_What you have to do_:
Transcribe the data below verbatim from the line with "Drei quadratische hohle" to the line with "10185 HERONS LANDING CV, Lakeland, TN 38002". Include both of those lines.

#### Material for this task

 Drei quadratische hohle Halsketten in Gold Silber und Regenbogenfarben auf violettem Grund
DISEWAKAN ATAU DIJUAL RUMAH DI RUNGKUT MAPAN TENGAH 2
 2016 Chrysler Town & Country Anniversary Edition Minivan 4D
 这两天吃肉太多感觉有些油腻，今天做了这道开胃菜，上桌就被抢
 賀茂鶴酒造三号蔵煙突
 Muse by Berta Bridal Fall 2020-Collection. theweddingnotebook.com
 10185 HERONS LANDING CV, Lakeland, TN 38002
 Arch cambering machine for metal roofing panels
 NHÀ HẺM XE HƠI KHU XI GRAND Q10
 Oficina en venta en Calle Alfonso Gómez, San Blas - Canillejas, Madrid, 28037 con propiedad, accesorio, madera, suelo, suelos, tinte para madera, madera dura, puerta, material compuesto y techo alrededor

########
#### Material for this task

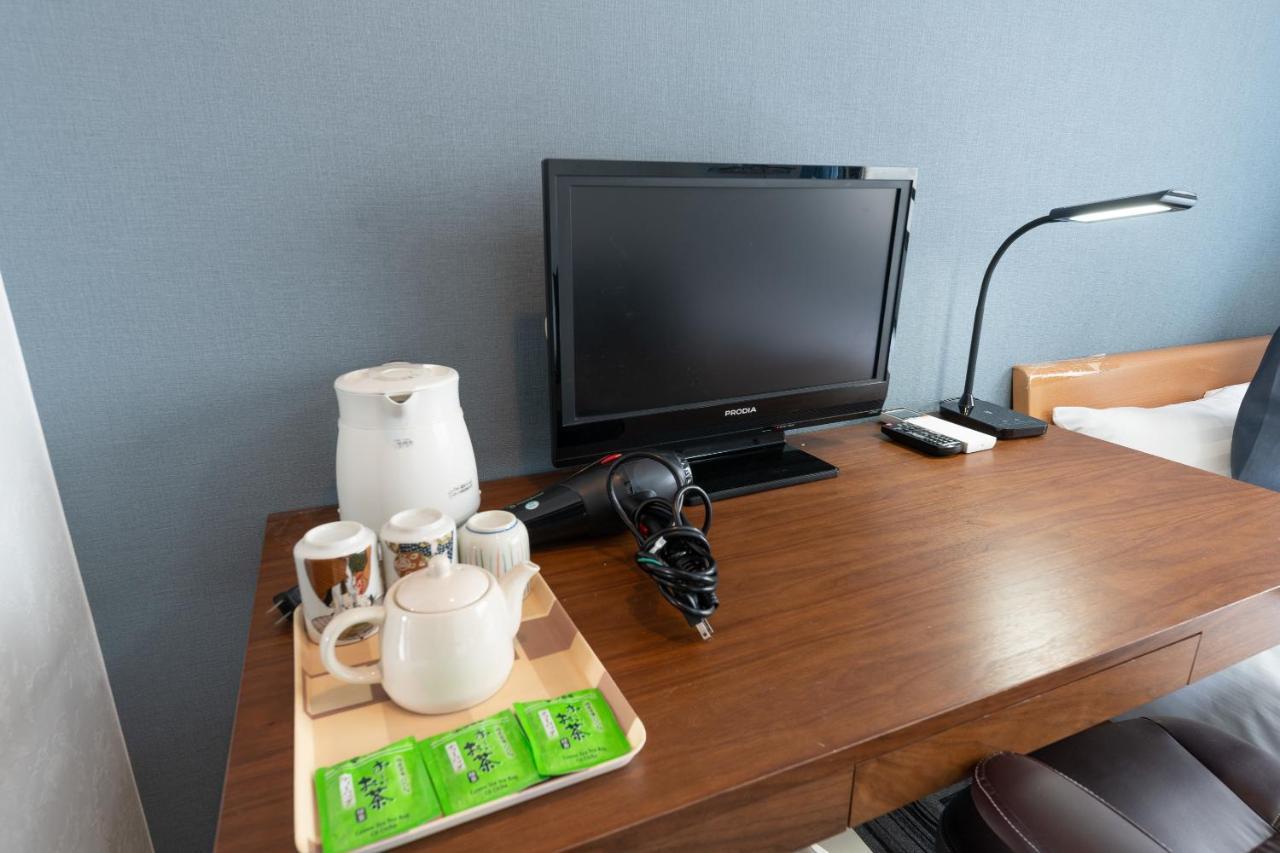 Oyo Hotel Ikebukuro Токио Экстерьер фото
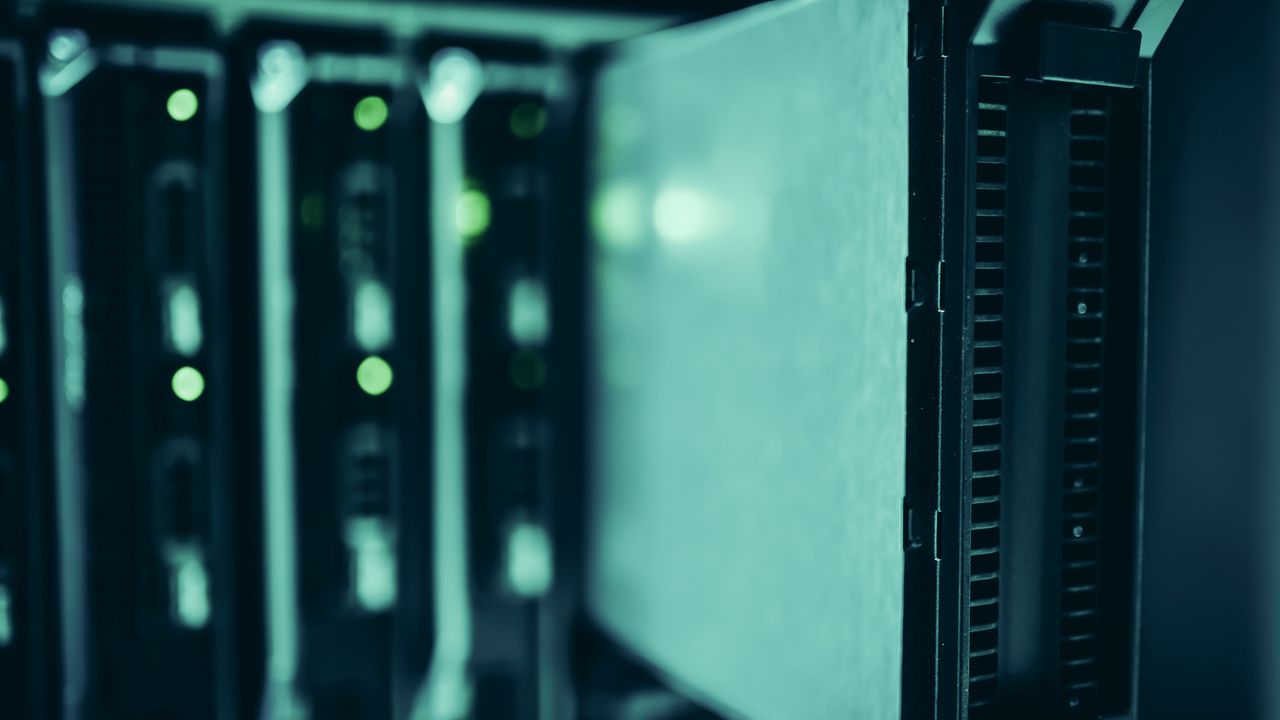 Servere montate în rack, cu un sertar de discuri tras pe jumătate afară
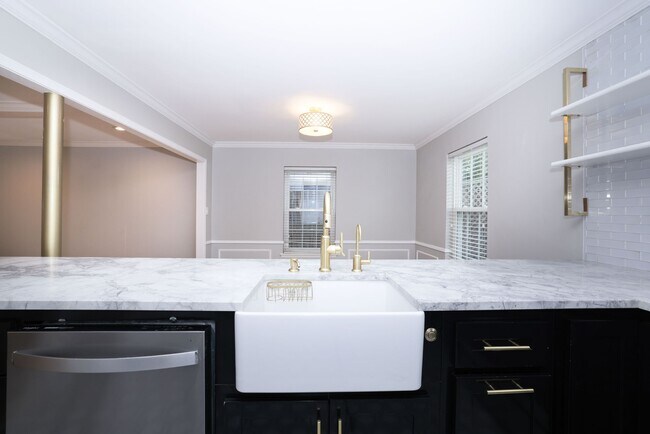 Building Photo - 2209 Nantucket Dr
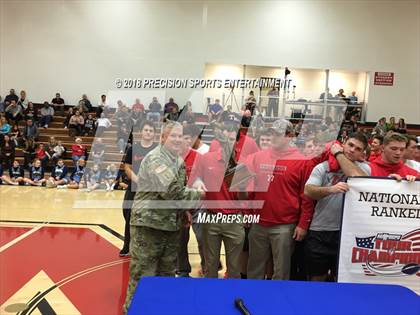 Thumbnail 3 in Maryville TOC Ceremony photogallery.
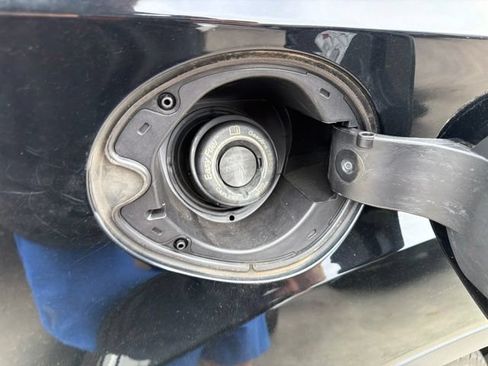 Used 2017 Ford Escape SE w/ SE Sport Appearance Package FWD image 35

########

_Response_:
 Drei quadratische hohle Halsketten in Gold Silber und Regenbogenfarben auf violettem Grund
DISEWAKAN ATAU DIJUAL RUMAH DI RUNGKUT MAPAN TENGAH 2
 2016 Chrysler Town & Country Anniversary Edition Minivan 4D
 这两天吃肉太多感觉有些油腻，今天做了这道开胃菜，上桌就被抢
 賀茂鶴酒造三号蔵煙突
 Muse by Berta Bridal Fall 2020-Collection. theweddingnotebook.com
 10185 HERONS LANDING CV, Lakeland, TN 38002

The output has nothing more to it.